What do contractors say?
'Based on our experience of working across India, I can say that one region is the same as another,' opines Thakur. 'Challenges can vary from state to state; some of them being land acquisition, availability of aggregate and an inordinately long monsoon season. Our centralised procurement group is adept at procuring at competitive rates, which helps overcome procurement-related challenges.'
'The availability of labour and material and the law-and-order situation will differ from site to site and may or may not be detrimental to the execution of the project,' says Patel.

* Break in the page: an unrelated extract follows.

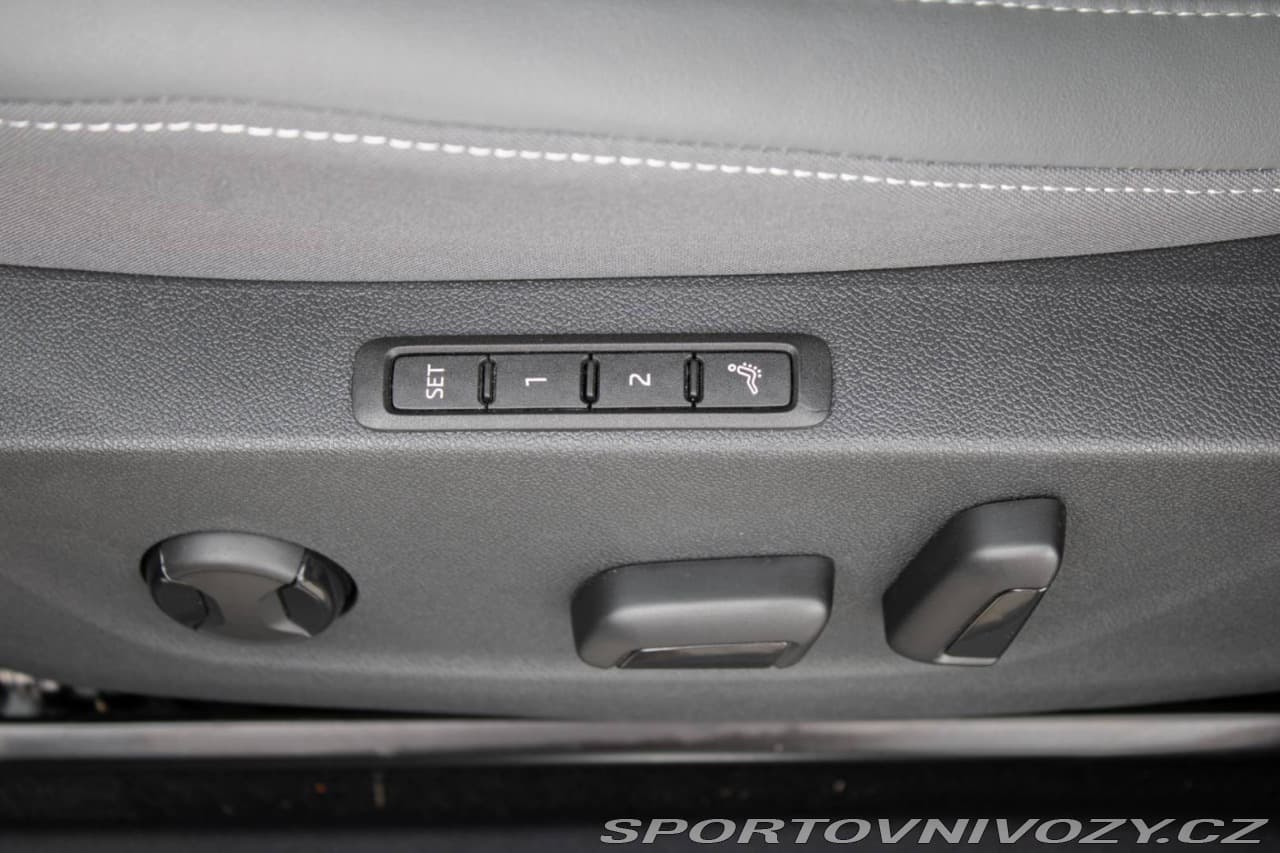 2025 Škoda Enyaq - 18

According to Singh, 'Two-lane roads are usually associated with fewer land, forest tree cutting, environmental, relocation of local public utilities and other issues, allowing contractors to complete these projects in advance.' However, design is a critical issue in two-lane road projects as these roads see slightly higher accident rates than wider roads, he explains, which makes it crucial to develop realignment sections to suit the project and make curve improvements. Also, extra care is mandated to maintain the roads for the all-weather movement of traffic, to provide better waterways and maintain the high flood level of proposed roads.
Upswing in equipment investment
Some construction companies that have bagged projects of late, have been avidly expanding their equipment fleet. 'We have been purchasing machines for the new projects we have bagged in the past six months, worth more than Rs 500 crore, and will add more if we need to extend our fleet,' says Patel.

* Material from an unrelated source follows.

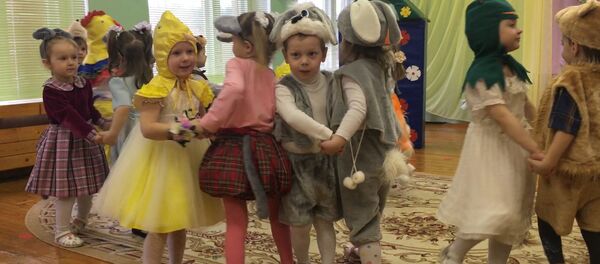 А ты кто:  утренники к 8 марта проходят в детских садах - Sputnik Беларусь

'We have invested Rs 30-40 crore in two ready-mix concrete plants, three crushers and two pavers for the six HAM projects we bagged last year, for which we have achieved financial closure,' says Mhaiskar. 'We are in the process of procuring other equipment.'
Others are relying on existing equipment. 'New orders do not necessitate procuring additional equipment as Punj Lloyd's rich fleet of self-owned equipment, including advanced mixers, batching plants, pavers, etc, is continuously maintained and upgraded, keeping multiple order requirements in mind,' says Thakur.
Resolving pending road project implementation issues will ensure that idle fleets are put to use. 'Various land acquisition and other issues have kept our equipment utilisation low in the past three years,' says Singh, noting that across the industry, contractors are holding huge fleets of construction equipment and are ready to increase the capital expenditure subject to the award of contracts. 'We hope our utilisation rate improves in the coming year.'
Any takers for TOT projects?
India proposes to monetise 105 highway projects for about Rs 145,000 crore in coming years as part of new innovative models of financing. One such model, the Toll Operate Transfer (TOT) model for NHAI-constructed and operated highways involves auctioning the toll-collecting right with the responsibility for maintenance and operation expectedly for 30 years. In theory, this can bring efficiency in toll collection while securing future revenues for the government. The minister has said investments will face no risk and fetch a good rate of return from highway toll collections. While CK Thakur, CEO and President, Buildings, Infrastructure and Power, Punj Lloyd Group, believes this new model is likely to attract firms specialising in highway toll collection and maintenance, not conventional road developers, it remains to be seen if those firms have the ability to bring in capital upfront. 'The appetite may vary per stretch, as each stretch will have its own risk dynamics based on local conditions and the political situation,' he says.